4La communication diplomatique des ONG SI se déploie, comme toute communication diplomatique, dans un espace institutionnel à l’abri des regards citoyens, notamment à travers le lobbying, mais sa spécificité est de s’appuyer sur une communication politique qui se développe sous le regard de tous dans l’espace public. En effet, l’implication des citoyens est un moyen de faire pression sur les institutions, afin de faire évoluer les normes internationales.

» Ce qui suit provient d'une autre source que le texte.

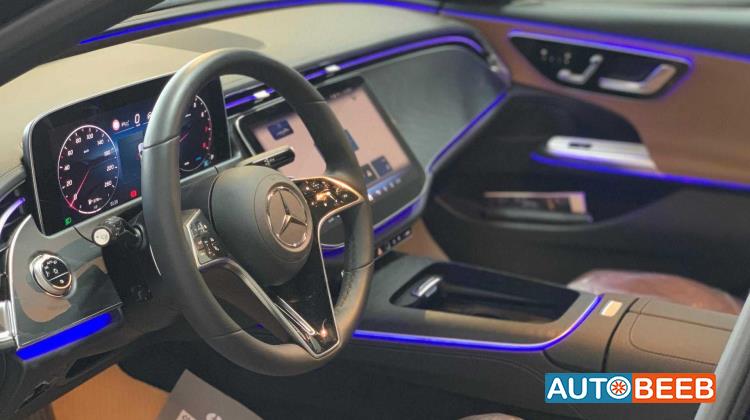 Mercedes Benz E200 2026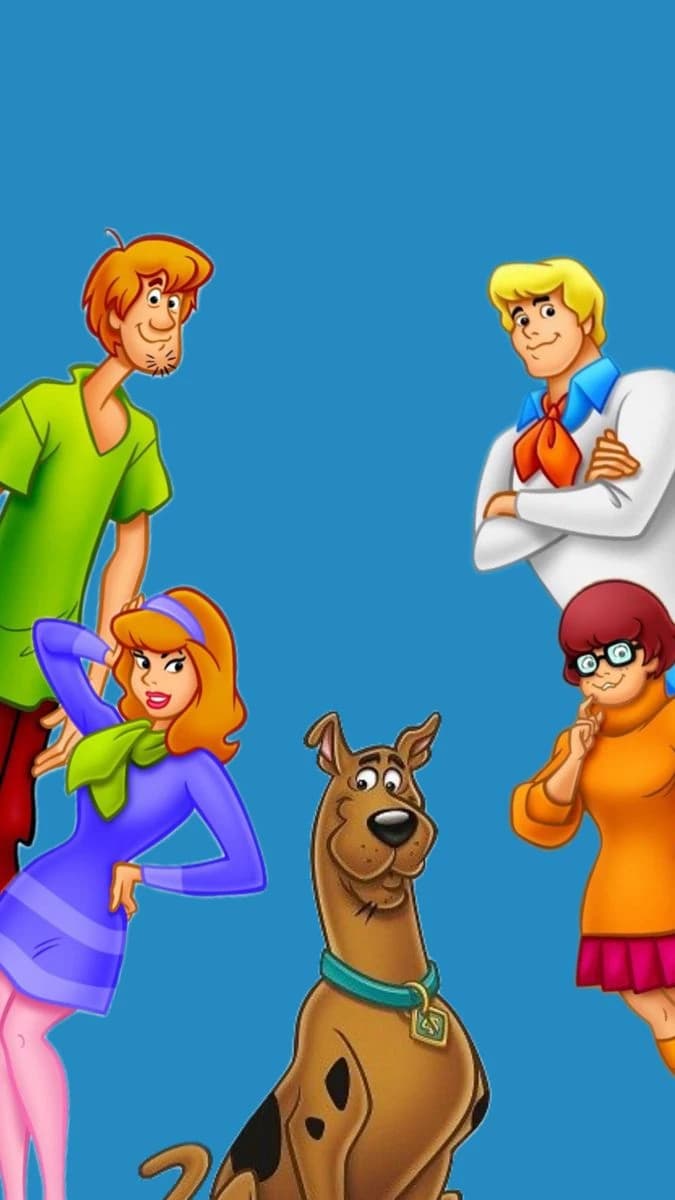 A turma do Scooby-Doo thumbnail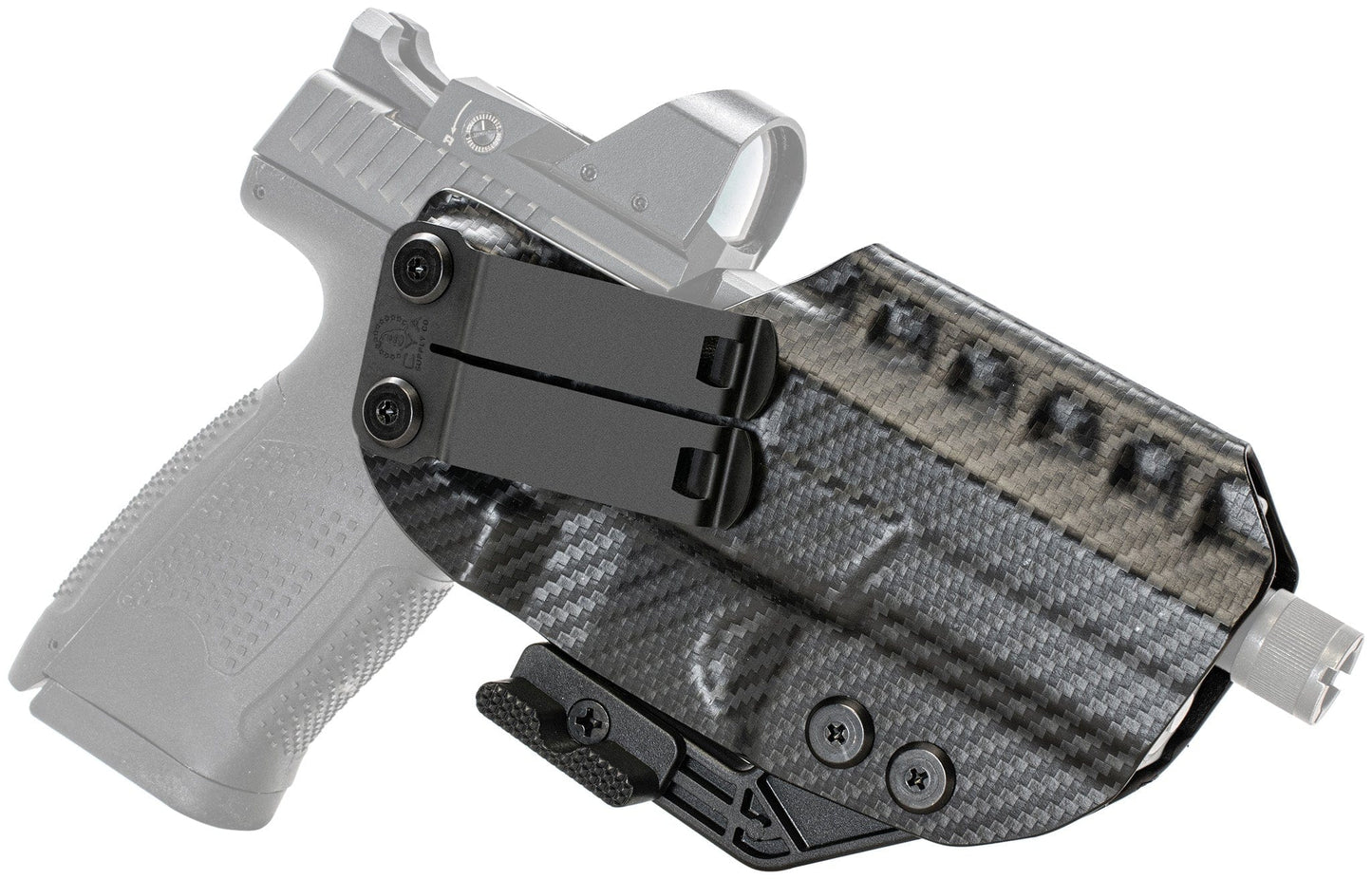CZ P-10 C IWB Holster | RIDGE IWB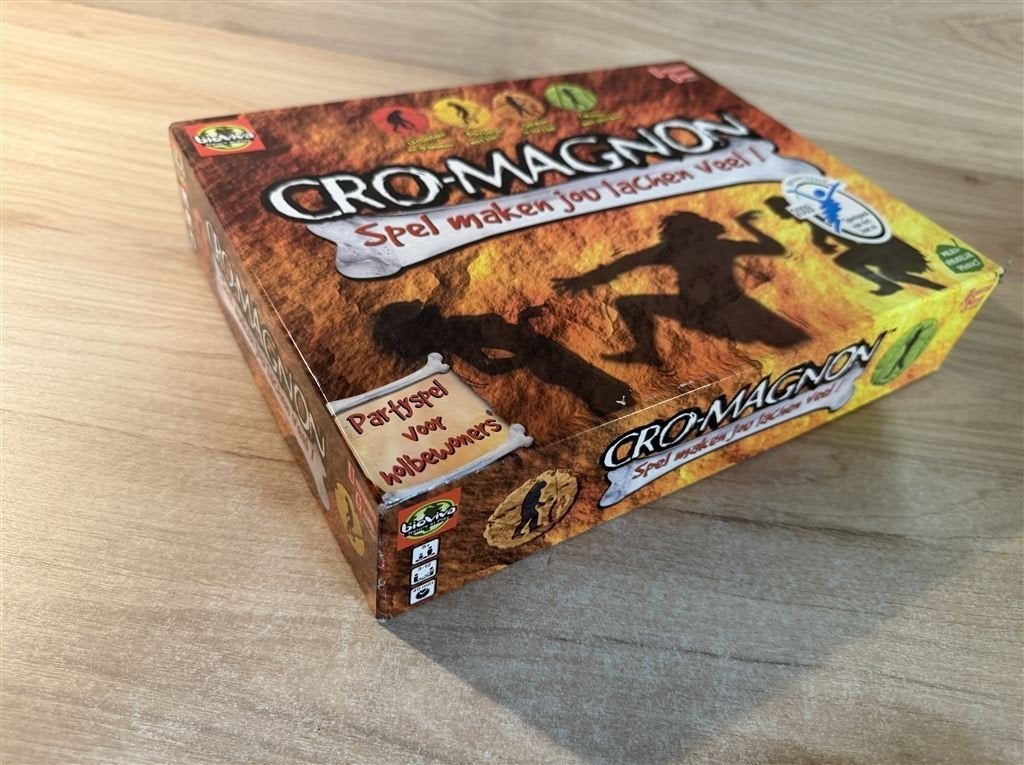 cro-magnon - s6969, Verzenden, Zo goed als nieuw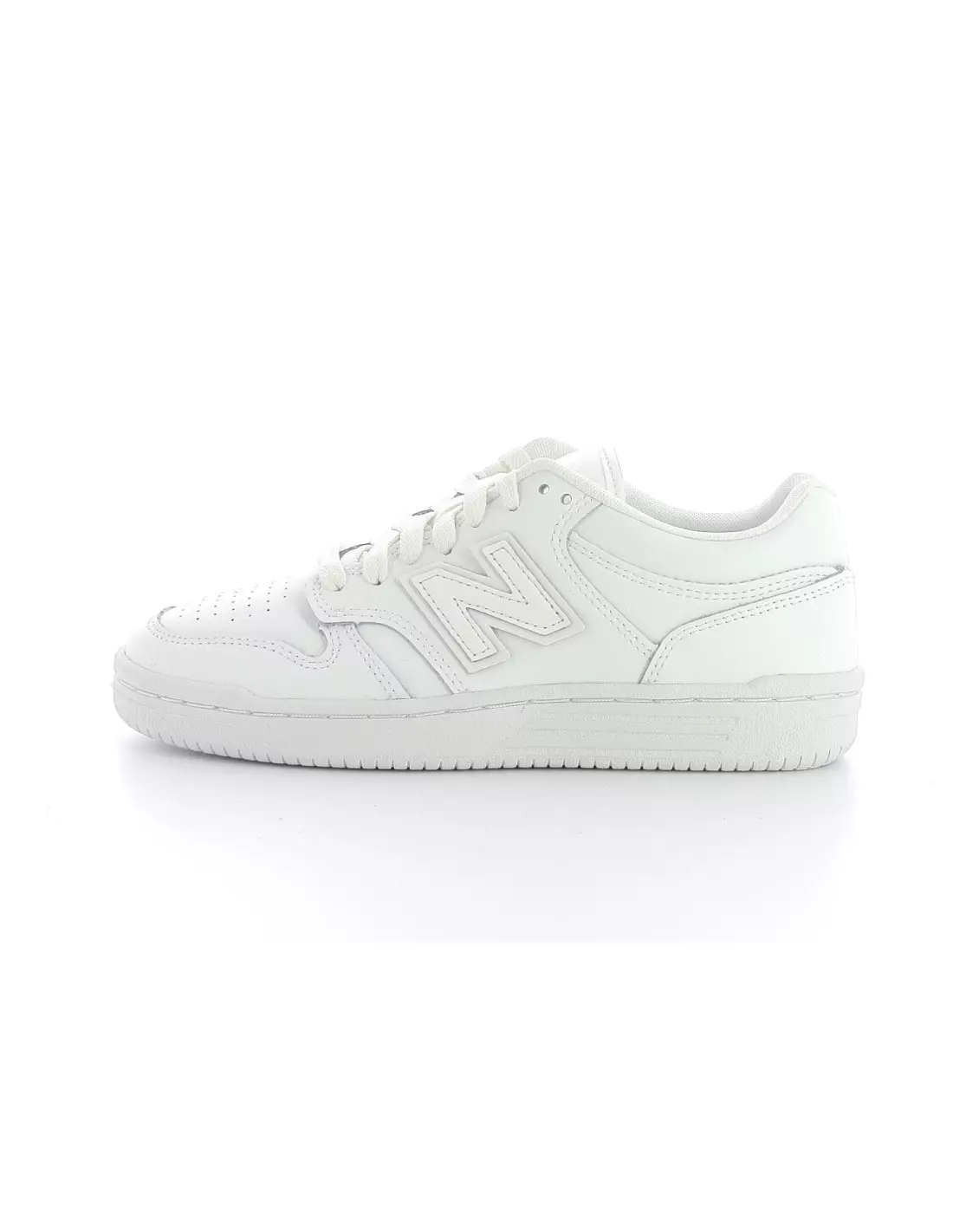 NEW BALANCE 480 - Baskets White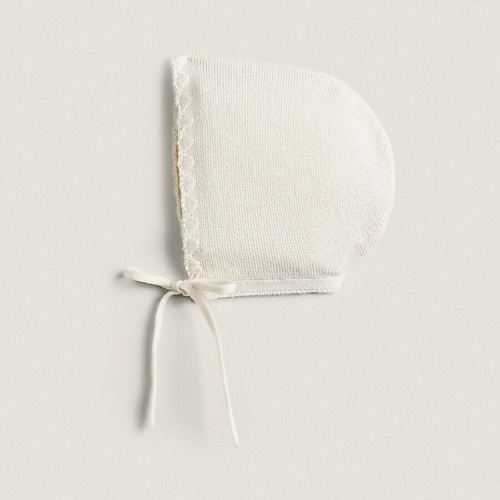 

ZARA HOME Детская шапочка крупной вязки, Детская шапочка крупной вязки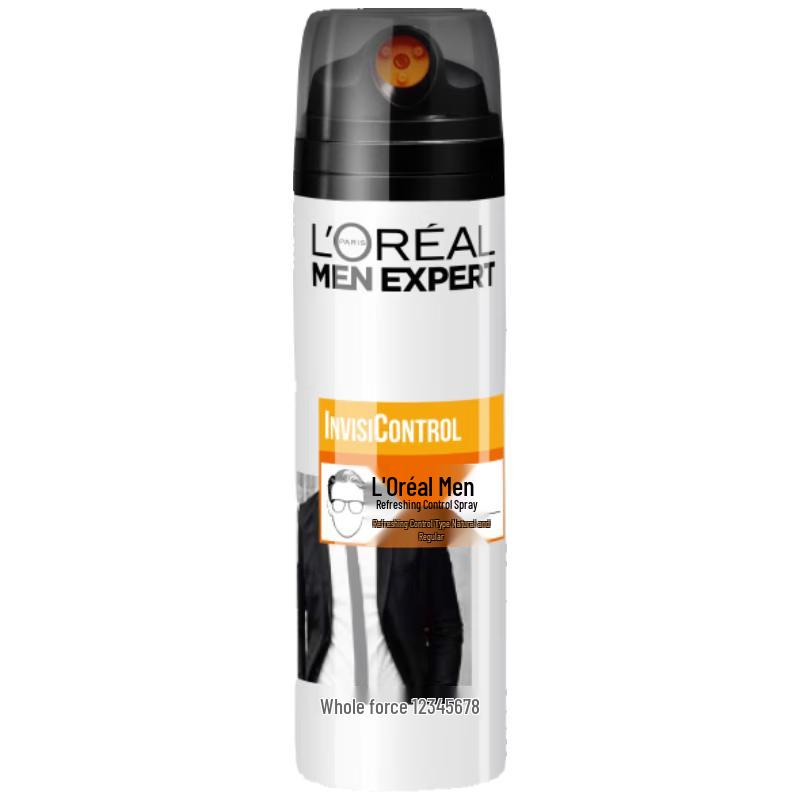 L Oréal Men s Styling Hair Spray
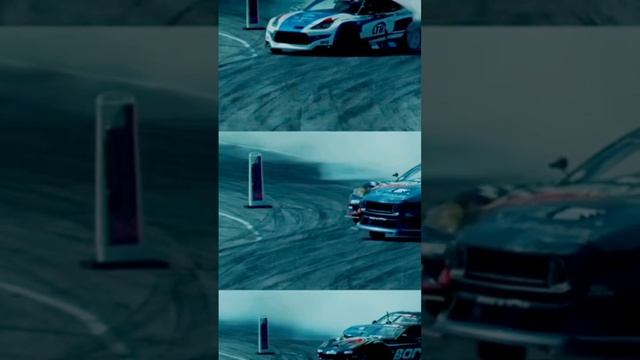 Corvette vs Mustang ? #mustang #corvette #formuladrift #drift #driftcar #дрифт #дрифткорч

Une communication d’influence de l’opinion au service du lobbying

5La communication diplomatique des ONG SI comporte donc un volet grand public. Ces ONG s’adressent au grand public, sans dicter des normes plus contraignantes ou proposer des modes d’action plus efficaces, mais en poursuivant deux objectifs distincts. Le premier, en cohérence avec les principes d’ECSI, est de développer une compétence démocratique (Dewey, 1993) sur la solidarité internationale. Cette forme d’éducation populaire vise un changement des représentations sur les pays du Sud et une participation directe des citoyens à des activités de solidarité internationale. Mais, le plus souvent cet objectif de long terme est occulté par un second, de court terme : rallier l’opinion publique à leurs propositions afin de légitimer leur activité de lobbying et accentuer la pression (soft power). Elles s’adressent alors au grand public pour le mobiliser par la signature de pétitions ou encore l’envoi de cartes postales. Ces campagnes de sensibilisation passent par la négociation d’espace publicitaire dans les grands médias, à l’image de la campagne « Bonne nouvelle : la faim dans le monde est plus facile à guérir qu’à regarder » (Action contre la faim) qui était diffusée sur le petit écran à l’heure des repas. Elles peuvent aussi prendre la forme de communiqués de presse percutants repris par l’ensemble des médias, comme celui de la campagne « Combattre les inégalités, vaincre la pauvreté » qui annonçait, en janvier 2018, le rapport annuel d’Oxfam sur les inégalités. Rapport dont l’affirmation-choc – les 1 % les plus riches possèdent désormais davantage que les 99 % restants – a été reprise internationalement. Elles s’incarnent aussi sur les réseaux sociaux numériques et des sites internet, comme en 2016 où MSF a soutenu la réalisation de plusieurs ateliers de photographie participative dans le camp de Katsikas, en Grèce, afin que les réfugiés témoignent eux-mêmes de leur quotidien en images, et a coorganisé une campagne de mobilisation et d’interpellation autour de la journée mondiale des réfugiés, le 20 juin.

6Cette intense activité communicationnelle n’est pas sans effet diplomatique puisque, sous la pression des ONG SI, des négociations sur des taxes internationales ont vu le jour, des listes officielles de paradis fiscaux ont été constituées, le principe de clauses de sauvegarde quand la santé publique est menacée a été introduit à l’OMC, etc. Mais ces succès relatifs semblent davantage reposer sur des rapports de force (faire pression sur) et l’usage de processus persuasifs (faire agir le public) que sur une communication politique démocratique. On retrouve là la définition que Pascal Robert (2005) donne de l’incommunication : ça marche parce que ça ne marche pas. Plus précisément, c’est bien parce que la communication diplomatique des ONG semble marcher – évolution de normes internationales spécifiques, implication temporaire du grand public – qu’elle ne marche pas – incapacité à changer les orientations politiques fondant les normes internationales, non-développement des compétences démocratiques citoyennes.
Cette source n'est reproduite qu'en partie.